A beam of bright sunlight streaked across the center of the otherwise dusky room, revealing particles of dust floating lazily. Bales stacked up to sixteen feet high lined the sides of the hayloft, and in the center of the room was an enormous pile of yellow hay. Carefully, Carrie clambered to the top of a stack of bales and looked down. Even though she had done this many times before, she still hesitated just a little, and her heart still fluttered just a little faster than usual.
Then she jumped. Her body flew downward gracefully. Her stomach took off on a flight of its own, like a bird swooping through the sky. She sucked in a mouthful of air and held it there. Then she hit the yielding prickly mountain of hay and sank deeply into it. Carrie lay there for just a moment, looking high above her at the vast ceiling with its great curved beams.
A few seconds of leisure and the itch became unbearable. Carrie scrambled out of the hay and began picking the straw off her body. It always seemed to find its way under her shirt and behind her trousers, in her hair and even in her socks. She brushed the last straws from her hair and stuck one in her mouth, thinking how much it tasted like the chamomile tea her mother often gave her before bedtime.
Carrie turned towards the open loft door when suddenly she tripped over a very irate brown and white speckled laying hen. She squawked and screeched and flapped her wings wildly, as she scurried away in fear, or perhaps exasperation and anger at all the commotion. Carrie was rather frightened herself and let out a surprised yell as she stumbled to the floor.

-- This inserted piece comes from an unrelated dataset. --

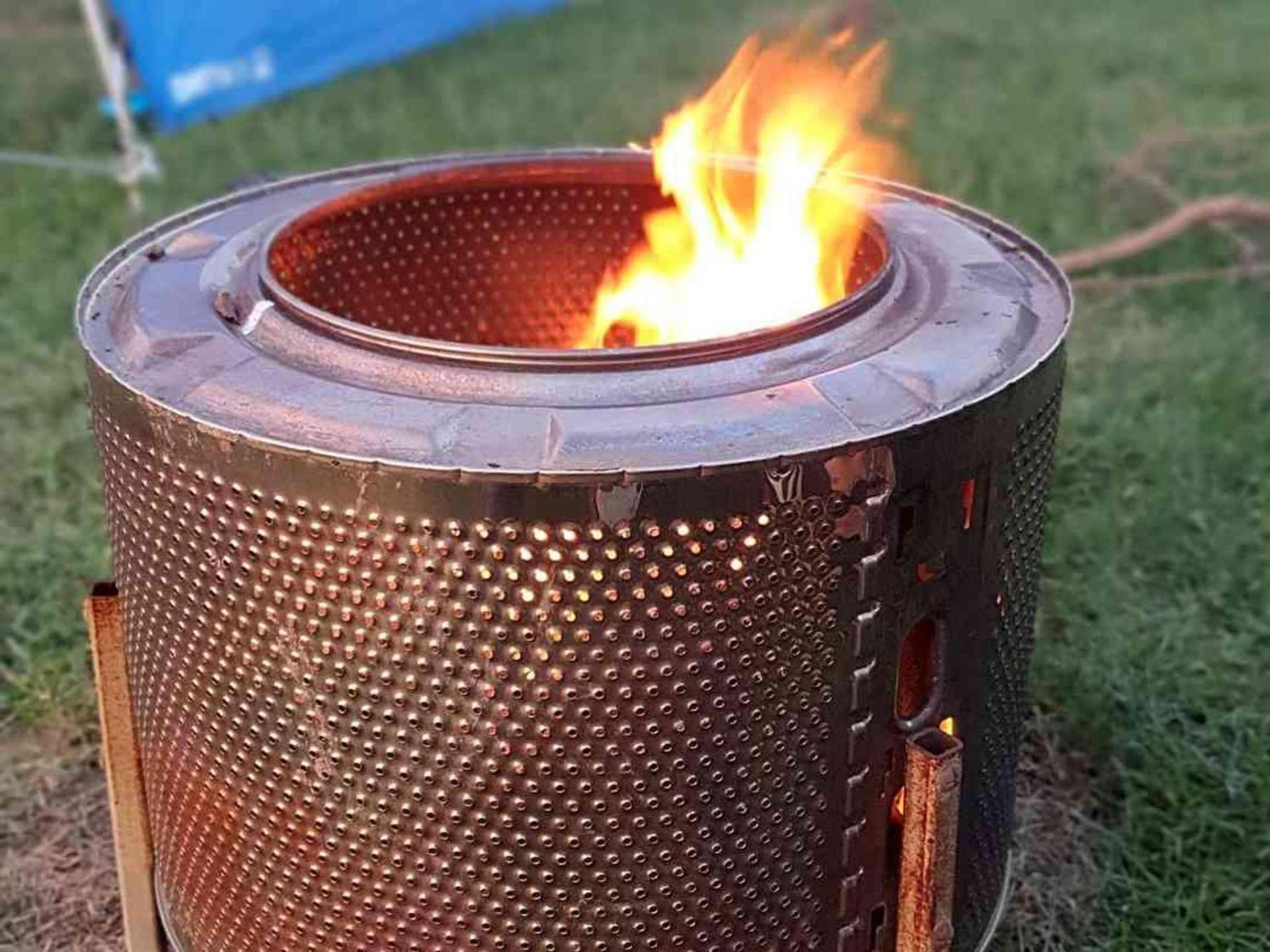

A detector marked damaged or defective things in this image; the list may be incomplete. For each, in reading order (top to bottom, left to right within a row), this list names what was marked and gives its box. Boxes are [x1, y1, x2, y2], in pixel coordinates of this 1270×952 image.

rusty metal edge [83, 579, 166, 952]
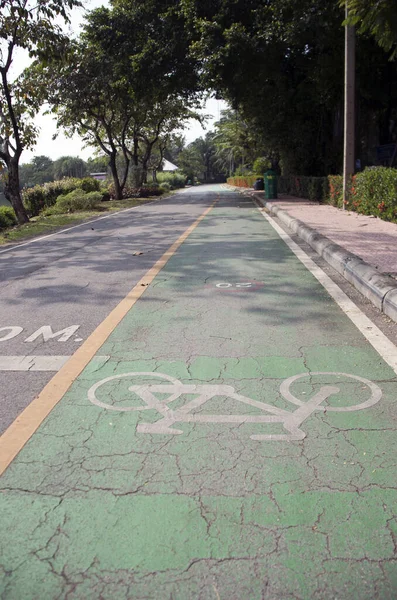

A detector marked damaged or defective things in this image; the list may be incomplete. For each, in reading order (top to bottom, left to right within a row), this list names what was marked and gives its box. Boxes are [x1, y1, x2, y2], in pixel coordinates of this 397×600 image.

cracked pavement [0, 185, 396, 596]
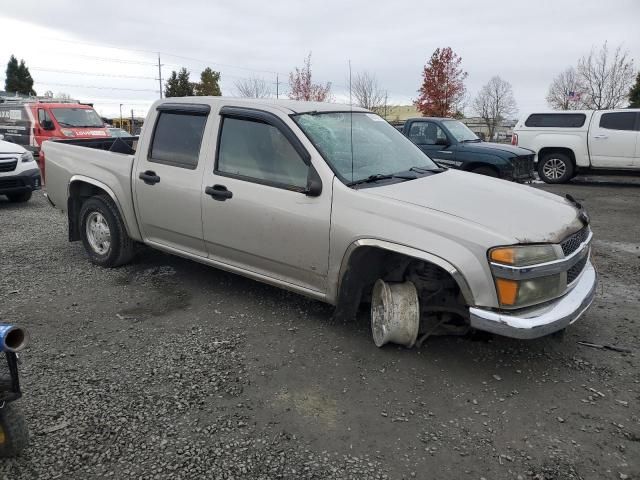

Then she saw the eggs. Carefully, she slipped one into each pocket of her trousers, thinking how pleased Grandma would be when she gave them to her. Carrie looked out the loft door and waved to her grandfather, who was feeding the pigs. He waved back and smiled, telling her not to come too close to the edge and to be careful.
Here was the place Carrie liked best when she wanted to be alone. She would sit and dangle her feet off the edge and watch the world from a different perspective. She bent down to do just that when, crunch!
Yuk!… she had forgotten about the eggs!”